As shown in Table 1, a temperature-controllable autoclave having an inner volume of 40 L, equipped with a stirrer and a jacket, was used as a reactor, 2,880 g of 1,3-butadiene, 120 g of styrene, 21,000 g of cyclohexane, and 0.291 mol of tetrahydrofuran (THF) and 3.1 mmol of 2,2-bis(2-oxolanyl)propane (BOP) as polar substances, from which impurities were removed in advance, were placed in the reactor, and the temperature in the reactor was kept at 44° C.
To the reactor was fed 23.8 mmol of n-butyllithium as a polymerization initiator.
After the initiation of polymerization reaction, the temperature in the reactor was raised due to heat generation by polymerization, and the final temperature in the reactor was 80° C. To the polymer solution was added 23.8 mmol of methanol as a reaction terminator.
One portion of the conjugated diene-based polymer solution before hydrogenation was extracted, and subjected to solvent removal by a drier, and conjugated diene-based polymer 2 before hydrogenation was obtained.

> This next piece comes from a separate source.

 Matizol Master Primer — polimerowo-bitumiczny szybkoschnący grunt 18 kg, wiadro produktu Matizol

To the polymer solution before hydrogenation was added 50 ppm on a Ti basis of the hydrogenation catalyst (TC) per 100 parts by mass of the polymer before hydrogenation, and reaction was performed at a hydrogen pressure of 0.8 MPa and an average temperature of 85° C. until a predetermined value of the mathematical expression (A) was attained. One portion of the conjugated diene-based polymer solution was extracted, and subjected to solvent removal by a drier, and conjugated diene-based polymer 2 was obtained.

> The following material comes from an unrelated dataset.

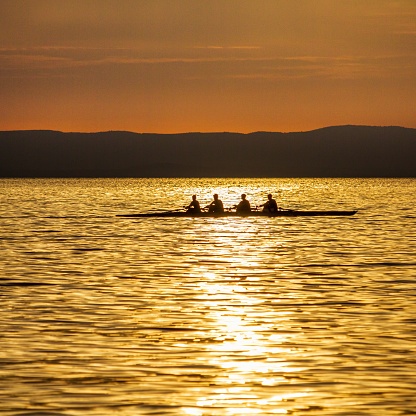Rowing boat on the golden sea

To the obtained polymer solution were added 12.6 g of n-octadecyl-3-(3,5-di-t-butyl-4-hydroxyphenyl)-propionate and 3.0 g of 4,6-bis(octylthiomethyl)-o-cresol as antioxidants, thereafter the conjugated diene-based polymer solution was dropped into warm water to remove the solvent, and subjected to a drying treatment with a drier, and a composition of conjugated diene-based polymer 2 supplemented with the antioxidants was thus obtained.
The results of analysis on the obtained conjugated diene-based polymer 2 by the above methods are shown in Table 3.

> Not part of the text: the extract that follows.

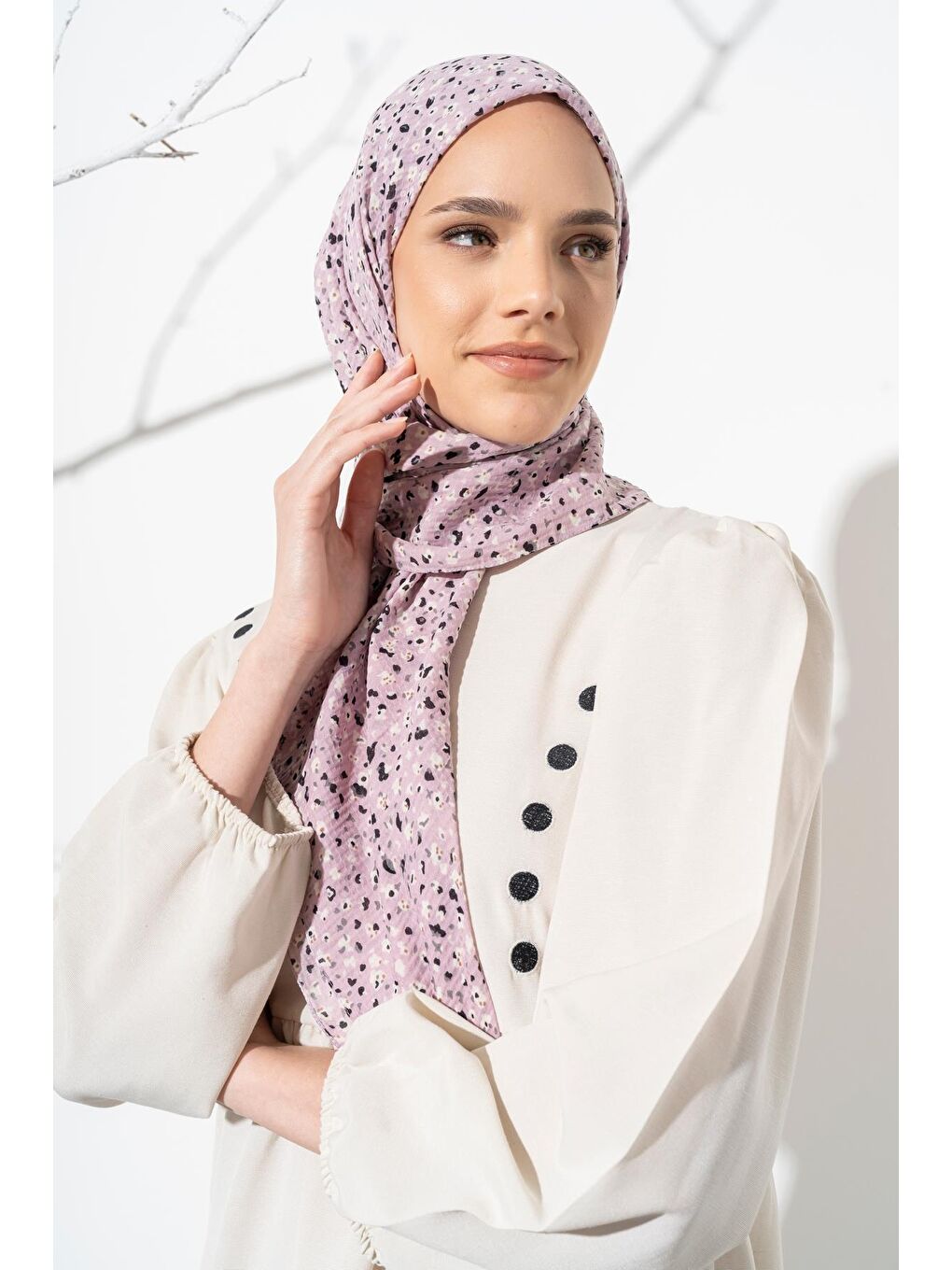 Lila Kadın Tesettür Kırışmaz Bürümcük Eşarp-2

As shown in Table 1, a temperature-controllable autoclave having an inner volume of 40 L, equipped with a stirrer and a jacket, was used as a reactor, 2,880 g of 1,3-butadiene, 120 g of styrene, 21,000 g of cyclohexane, and 0.291 mol of tetrahydrofuran (THF) and 2.2 mmol of 2,2-bis(2-oxolanyl)propane (BOP) as polar substances, from which impurities were removed in advance, were placed in the reactor, and the temperature in the reactor was kept at 43° C.
To the reactor was fed 14.9 mmol of n-butyllithium as a polymerization initiator.
After the initiation of polymerization reaction, the temperature in the reactor was raised due to heat generation by polymerization, and the final temperature in the reactor was 78° C. To the polymer solution was added 12.7 mmol of 1,3-dimethyl-2-imidazolidinone (compound 1) as a modifying agent to cause reaction for 15 minutes. Then, 14.9 mmol of methanol was added as a reaction terminator.
One portion of the conjugated diene-based polymer solution before hydrogenation was extracted, and subjected to solvent removal by a drier, and conjugated diene-based polymer 3 before hydrogenation was obtained.
The obtained conjugated diene-based polymer 3 was analyzed by the above methods. The results of analysis are shown in Table 3.
To the polymer solution before hydrogenation was added 50 ppm on a Ti basis of the hydrogenation catalyst (TC) per 100 parts by mass of the polymer before hydrogenation, and reaction was performed at a hydrogen pressure of 0.8 MPa and an average temperature of 85° C. until a predetermined value of the mathematical expression (A) was attained. One portion of the conjugated diene-based polymer solution was extracted, and subjected to solvent removal by a drier, and conjugated diene-based polymer 3 was obtained.
To the obtained polymer solution were added 12.6 g of n-octadecyl-3-(3,5-di-t-butyl-4-hydroxyphenyl)-propionate and 3.0 g of 4,6-bis(octylthiomethyl)-o-cresol as antioxidants, thereafter the conjugated diene-based polymer solution was dropped into warm water to remove the solvent, and subjected to a drying treatment with a drier, and a composition of conjugated diene-based polymer 3 supplemented with the antioxidants was thus obtained.
The results of analysis on the obtained conjugated diene-based polymer 3 by the above methods are shown in Table 3.
Conjugated diene-based polymer 7 and a composition containing antioxidants were obtained with reference to the polymerization conditions of Comparative Example 1 except that, as shown in Table 1, the amount of addition of styrene, the amount of addition of butadiene, the amount of addition of the polymerization initiator, the amounts of addition of the polar substances, the type of the modifying agent, the amount of addition of the modifying agent, the amount of addition of the reaction terminator, and the polymerization temperature were each changed; and no hydrogenation reaction was performed.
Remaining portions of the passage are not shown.